Enfin, il y a le problème des gardes et des astreintes notamment dans les CH, mais aussi et surtout de la reconnaissance du temps de travail. Les médecins qui font tourner les services le week-end ne récupèrent pas obligatoirement et ne sont pas suffisamment bien rémunérés. Je pense aussi à la reconnaissance de la charge de travail. Comment une équipe doit-elle être dimensionnée pour pouvoir travailler correctement ? Quand les médecins ne sont pas en nombre suffisant, les équipes s'épuisent et certains finissent par quitter l’hôpital.

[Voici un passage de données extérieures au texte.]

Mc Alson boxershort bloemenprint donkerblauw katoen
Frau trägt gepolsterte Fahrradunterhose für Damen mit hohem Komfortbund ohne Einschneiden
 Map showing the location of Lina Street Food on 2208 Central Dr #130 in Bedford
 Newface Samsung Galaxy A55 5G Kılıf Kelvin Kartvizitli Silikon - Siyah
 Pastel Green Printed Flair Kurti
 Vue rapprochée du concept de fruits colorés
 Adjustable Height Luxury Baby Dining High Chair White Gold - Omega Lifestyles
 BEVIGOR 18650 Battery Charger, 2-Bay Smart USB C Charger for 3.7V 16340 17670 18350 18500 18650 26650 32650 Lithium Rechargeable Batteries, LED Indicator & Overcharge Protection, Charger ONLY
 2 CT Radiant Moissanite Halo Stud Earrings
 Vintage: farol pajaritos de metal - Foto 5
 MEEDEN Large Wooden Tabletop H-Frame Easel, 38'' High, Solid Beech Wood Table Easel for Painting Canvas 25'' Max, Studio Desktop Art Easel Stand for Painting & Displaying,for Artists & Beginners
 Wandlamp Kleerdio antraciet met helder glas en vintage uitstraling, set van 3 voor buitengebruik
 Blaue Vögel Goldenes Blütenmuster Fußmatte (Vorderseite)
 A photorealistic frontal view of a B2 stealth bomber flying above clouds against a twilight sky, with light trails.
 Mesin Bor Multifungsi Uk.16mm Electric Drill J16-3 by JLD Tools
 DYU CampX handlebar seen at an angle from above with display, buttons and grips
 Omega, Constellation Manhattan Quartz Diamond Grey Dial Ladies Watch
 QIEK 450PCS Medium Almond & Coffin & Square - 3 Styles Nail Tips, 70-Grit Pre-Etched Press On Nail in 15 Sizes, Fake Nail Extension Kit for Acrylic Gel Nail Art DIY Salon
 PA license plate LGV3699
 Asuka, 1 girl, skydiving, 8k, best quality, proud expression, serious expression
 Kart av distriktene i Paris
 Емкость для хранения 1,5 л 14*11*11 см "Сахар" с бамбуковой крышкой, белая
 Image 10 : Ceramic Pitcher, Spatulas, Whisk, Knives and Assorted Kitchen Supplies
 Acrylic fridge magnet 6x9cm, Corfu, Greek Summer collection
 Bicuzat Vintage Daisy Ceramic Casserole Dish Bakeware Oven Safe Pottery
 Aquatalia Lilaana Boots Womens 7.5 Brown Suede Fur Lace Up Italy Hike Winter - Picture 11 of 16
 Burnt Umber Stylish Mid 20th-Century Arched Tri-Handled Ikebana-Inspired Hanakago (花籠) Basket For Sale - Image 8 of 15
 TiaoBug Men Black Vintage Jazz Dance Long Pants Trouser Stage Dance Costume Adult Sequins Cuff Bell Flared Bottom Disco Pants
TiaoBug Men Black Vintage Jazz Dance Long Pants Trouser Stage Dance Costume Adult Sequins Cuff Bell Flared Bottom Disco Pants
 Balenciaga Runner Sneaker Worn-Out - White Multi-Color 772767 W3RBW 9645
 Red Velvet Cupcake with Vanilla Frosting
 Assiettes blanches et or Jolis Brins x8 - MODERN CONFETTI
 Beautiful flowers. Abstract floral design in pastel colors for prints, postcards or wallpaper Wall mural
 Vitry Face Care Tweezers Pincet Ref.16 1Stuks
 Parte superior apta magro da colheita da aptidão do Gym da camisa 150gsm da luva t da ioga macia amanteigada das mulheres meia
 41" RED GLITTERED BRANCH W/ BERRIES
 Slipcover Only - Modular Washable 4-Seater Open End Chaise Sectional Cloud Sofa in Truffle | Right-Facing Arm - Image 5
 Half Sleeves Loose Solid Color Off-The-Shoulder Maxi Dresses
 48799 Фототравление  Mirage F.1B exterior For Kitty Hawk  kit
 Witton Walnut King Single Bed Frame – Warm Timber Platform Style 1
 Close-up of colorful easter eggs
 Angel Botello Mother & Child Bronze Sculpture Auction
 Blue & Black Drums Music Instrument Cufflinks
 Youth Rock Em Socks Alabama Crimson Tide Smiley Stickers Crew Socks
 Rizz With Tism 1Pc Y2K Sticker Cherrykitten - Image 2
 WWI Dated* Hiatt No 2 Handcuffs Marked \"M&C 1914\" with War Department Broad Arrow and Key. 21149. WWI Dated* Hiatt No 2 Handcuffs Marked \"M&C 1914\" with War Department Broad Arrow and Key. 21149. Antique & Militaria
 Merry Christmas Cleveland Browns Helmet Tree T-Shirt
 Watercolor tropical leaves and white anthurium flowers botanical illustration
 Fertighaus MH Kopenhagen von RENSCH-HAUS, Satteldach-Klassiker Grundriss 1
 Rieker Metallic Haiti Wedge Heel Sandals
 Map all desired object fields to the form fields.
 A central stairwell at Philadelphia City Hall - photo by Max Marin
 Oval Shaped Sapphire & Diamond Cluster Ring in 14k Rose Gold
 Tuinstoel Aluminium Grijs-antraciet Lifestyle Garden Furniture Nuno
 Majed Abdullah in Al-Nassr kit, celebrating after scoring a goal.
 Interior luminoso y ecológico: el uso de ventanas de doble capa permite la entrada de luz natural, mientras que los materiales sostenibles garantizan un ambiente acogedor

Êtes-vous favorables à la mise en place de ratios minimum de soignants par patients hospitalisés ?
Je suis favorable à cette mesure car ces ratios sont aujourd’hui trop dépendants de la volonté des établissements qui agissent à leur guise. Mais la mise en place de ces ratios doit être associée à des outils pertinents d’évaluation de la charge de travail.
Emmanuel Macron veut désengorger tous les services d'urgence d’ici à fin 2024. Est-ce possible ?
Je n’en suis pas certain. Pour désengorger les urgences, il faut tout d’abord que les patients puissent être pris en charge en dehors des services d’urgence. Sur ce point, nous comptons beaucoup sur le service d’accès aux soins (SAS). Mais la réorganisation de la médecine de ville en amont des urgences ne réglera pas la problématique de la sortie des patients de l’hôpital.
Le président de la République souhaite la mise en place d’un véritable tandem médico-administratif à la tête des hôpitaux. Est-ce que cela va dans le bon sens ?
Il y a un grand consensus sur la mise en place de ce tandem président de CME/directeur. Mais le PCME doit avoir davantage de moyens, un secrétariat, davantage de collaborateurs pour préparer les dossiers et de responsabilités. Le PCME reste aujourd'hui dans un rôle de super conseiller médical que l’on écoute ou pas, en fonction de la personnalité du directeur. De plus, le directeur et le PCME ne sont pas égaux en termes de niveau d’information ! L’ARS écrit au directeur, mais jamais au président de CME, qui est informé à géométrie variable des décisions ou des dotations budgétaires.
Emmanuel Macron souhaite revoir l'organisation des 35 heures à l’hôpital. Est-ce une bonne idée ?
Je ne vois pas pourquoi on mettrait fin aux 35 heures à l’hôpital, si on n’y met pas fin au niveau national ! Mais il faut peut-être réfléchir à de nouvelles modalités d’organisation du temps de travail. Beaucoup de professionnels sont dans l’attente de la semaine de quatre jours. Il y a aussi la problématique de l’organisation du travail en 12 heures. Nous pouvons inventer de nouvelles organisations pour améliorer les conditions de travail, tout en restant dans les 35 heures.